What is the problem in that piece of code?
Thank you
Upvotes: 0
Views: 3897
Reputation: 2813
Beginning from C# 7.0 you can use Local functions.
Regardless of your code, I'm answering your post's title: "Yes. It's possible to share a variable between recursive calls"
As Tree
class and join
method not provided and I didn't read your code completely, I'm not sure this works but something like this you should write:
public static int validTreesFun(List<Tree<char>> nodes, List<string> words)
{
int i = 0;
i = DoSomeOperation(nodes, words);
static int DoSomeOperation(List<Tree<char>> nodes, List<string> words)
{
// some code here
return i;
}
}
Upvotes: 0
Reputation: 965
if (validWords.Count() == 0)
return 0;
Should be
if (validWords.Count() == 0)
continue;
Also, in general, I personally think it is nicer looking to only send in one element at a time to a recursive function.
public static int validTreesFun(Tree<char> node, List<string> words)
That way you don't get the same kind of mistake like above. Finally, a minor note.
w => w.ToCharArray()[0] == tree.Root
can be written as
w => w[0] = tree.Root
Upvotes: 5
Reputation: 7719
When you are in debug mode, you indeed see that the i is reseted for the call but remain to the wanted value for the caller.

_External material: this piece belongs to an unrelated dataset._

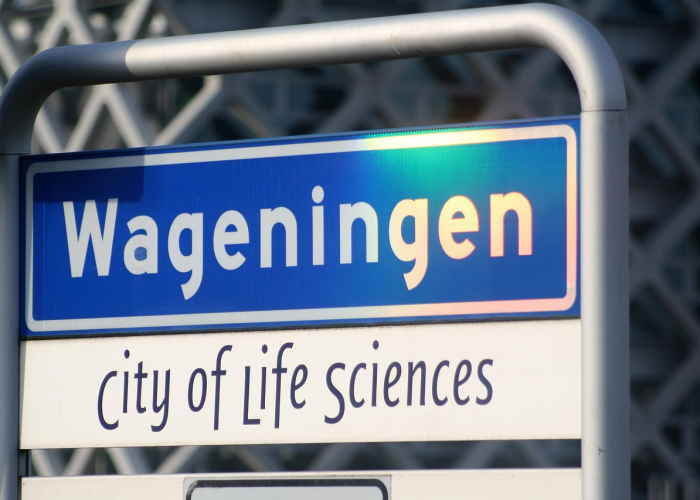 山东新增8例本土确诊病例 → 山东新增8例本土确诊病例详情 🌨️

Eg , the stack :
validTreesFun --i = 0 for this one
validTreesFun --i = x for this one, but if you do not go trow the calling stack, you will see 0, which is the good value for the top of the stack
Upvotes: -1
Reputation: 39956
No local variables are not at all shared between recursive calls, you should consider some other design problem, inside and after your foreach loop, I dont see any return statements, can you post full code.
Ok, in debugging you will always observe i's current method's value, debugging is not good in recursive functions, its little hard to understand, you will have to move your control down in Call Stack in order to actually observe value of earlier caller of current function.

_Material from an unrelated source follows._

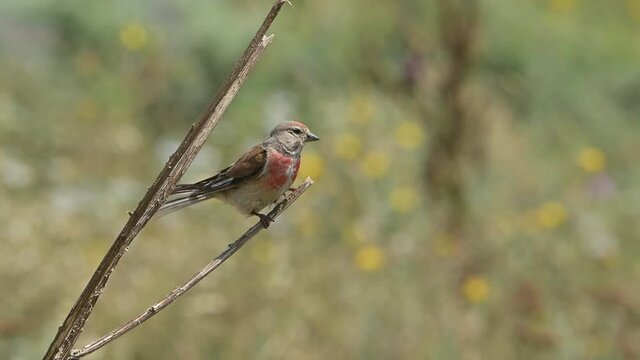Common linnet bird (Linaria cannabina) swing by the wind on a dry stick and flying away.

I would advice you to output Trace or on log file with your level of node, that will help you actual debugging.
Please use TRACE Statement as follow..
Trace.WriteLine(string.Format("{0},{1}",tree.Name,i));
Upvotes: 3
Reputation: 70344
Local variables are not being shared.
What you are seeing (the reset to 0) is the value of i in the (recursively) called function validTreesFun
(i gets set to 0 at the start of the function).
Just looking at your code, I think a possible bug might be in someTestHere
- if that is never true, then i will stay 0 in the outer scope. Otherwise it should increment by 1 for each true test.